Maxwell was convicted in 2022 and is the only person serving a sentence for crimes related to financier Jeffrey Epstein, who died by suicide in a New York prison in 2019 while awaiting trial for sex trafficking.

She was transferred from a federal prison in Florida to a minimum security facility in Texas in August 2025. After being subpoenaed to testify about her relationship with Epstein, the U.S. House Oversight Committee released an audio recording of Maxwell’s February 9, 2026 deposition in which she refused to speak without being granted pardon.

Documents related to Mr. Epstein’s alleged crimes recently released by the U.S. Department of Justice mention politicians, royals and celebrities, but doctored images of celebrities juxtaposed with the late financier and associates such as Mr. Maxwell are also frequently circulated.

A video of Maxwell purportedly walking through Quebec City is similarly fake.

Many of the posts resharing the footage include the username “clump.qc,” which appears to be the first Instagram and TikTok account to share the footage on February 18th (archives here and here).

The profile is filled with similar videos (archived here, here and here) of seemingly unexpected encounters with public figures such as Israeli Prime Minister Benjamin Netanyahu, Quebec Premier François Legault, and Epstein himself, often using the hashtags “prank” and “humor.”

Contacted by AFP, clump.qc confirmed that Maxwell’s clip was a manipulation created with the artificial intelligence tool Remaker.ai.

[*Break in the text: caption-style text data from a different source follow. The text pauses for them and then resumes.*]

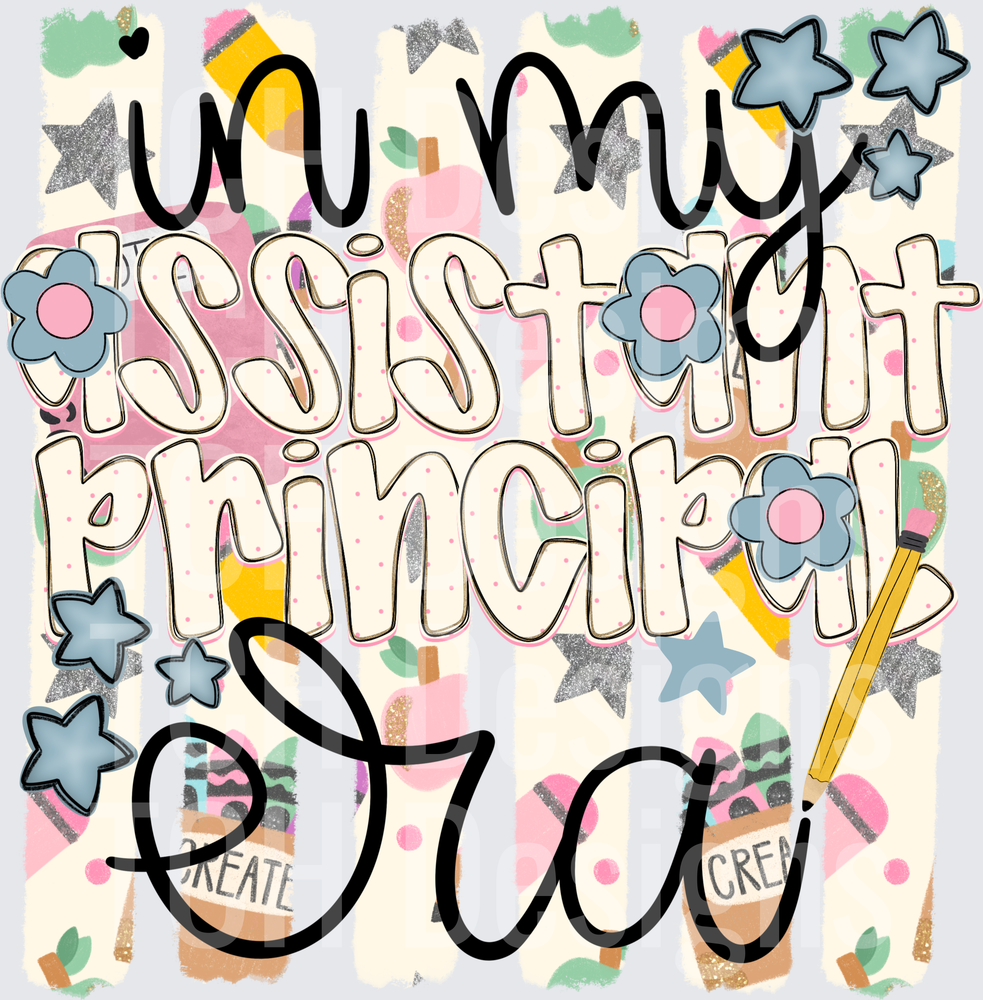 I'm My Assistant Principal's Era School Typography Design
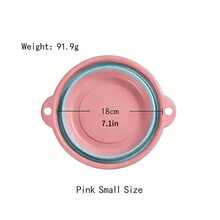 3pcs/Set Foldable Basin - Portable Baby Wash Basin, Folding Foot Bath Basin, Multi-Purpose - Pink - View 4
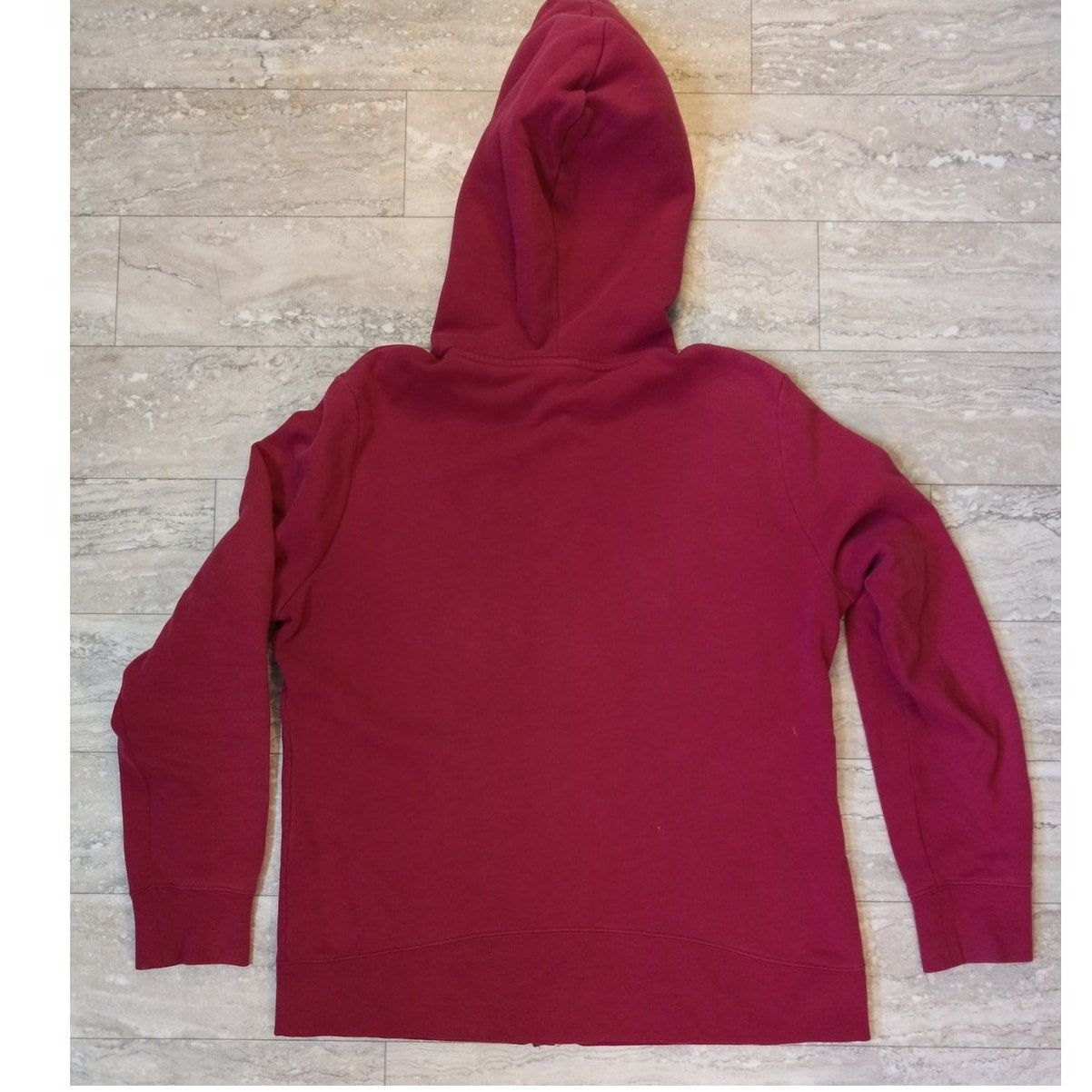 The North Face magenta full zip graphic womens hoodie sweatshirt SIZE XL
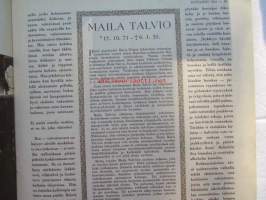 Kotiliesi 1951 nr 3 helmikuu. Ajankuvaa talvi 1951. Maila Talvio in memoriam. Askon suurkilpailu ratkaistu -  voittaja Erkki Utunen Harjavalta. Silo -mainos.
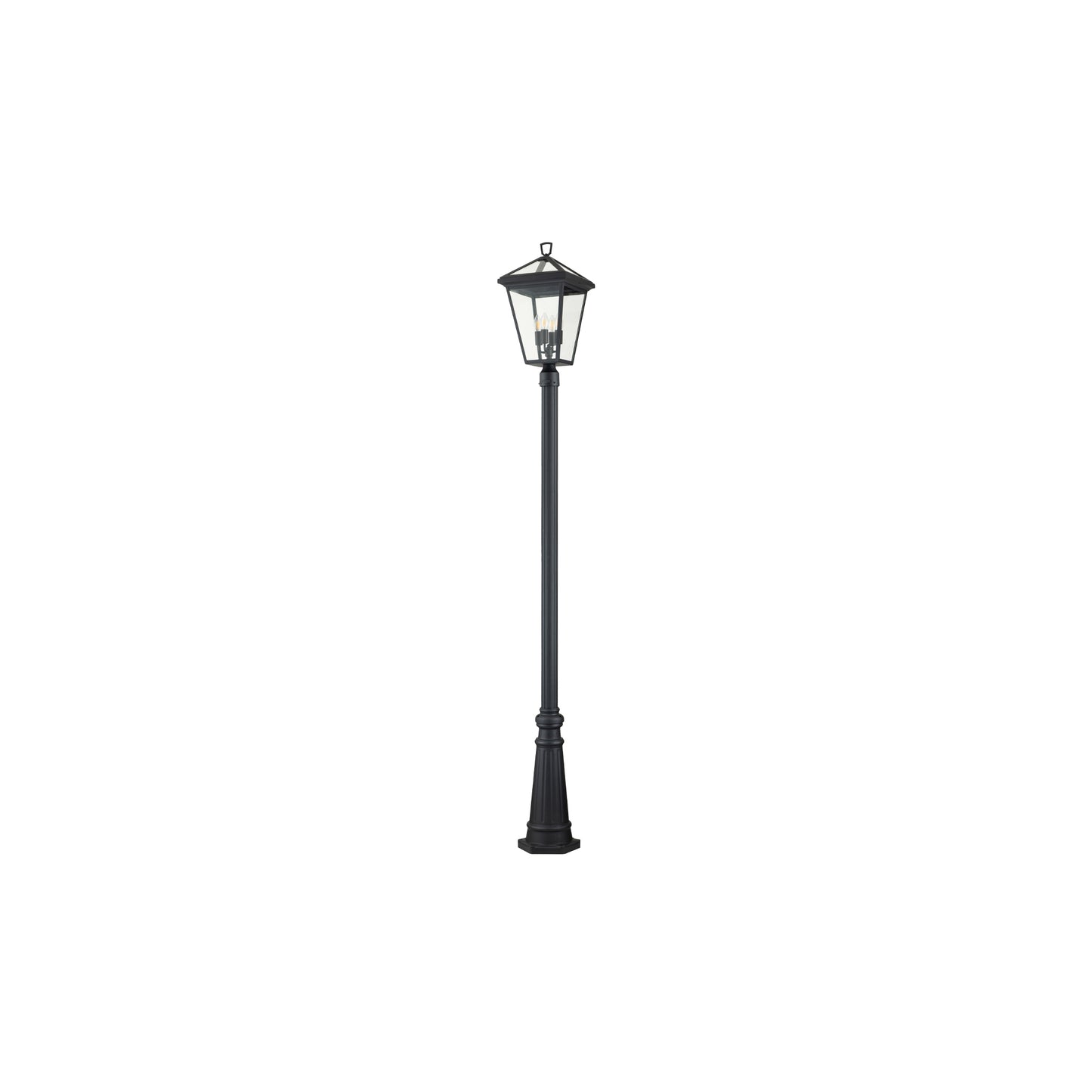 Alford Place 4-Light Lamp Post in Museum Black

The user said in a Feb. 25 direct message that the intent behind the video was humor and “rage fodder,” not misinformation.

According to the original poster, the video was created by replacing Maxwell’s likeness with a clip. The landmarks in the video appear to reflect the actual scene near the Saint-Jean Gate, a landmark in Old Quebec City (archived here).

Other news outlets that reported on Maxwell’s fake video noted that clump.qc’s Instagram posts now include meta artificial intelligence warning labels that were not present when the video was first shared.

Read more about AFP’s coverage of misinformation in Canada here.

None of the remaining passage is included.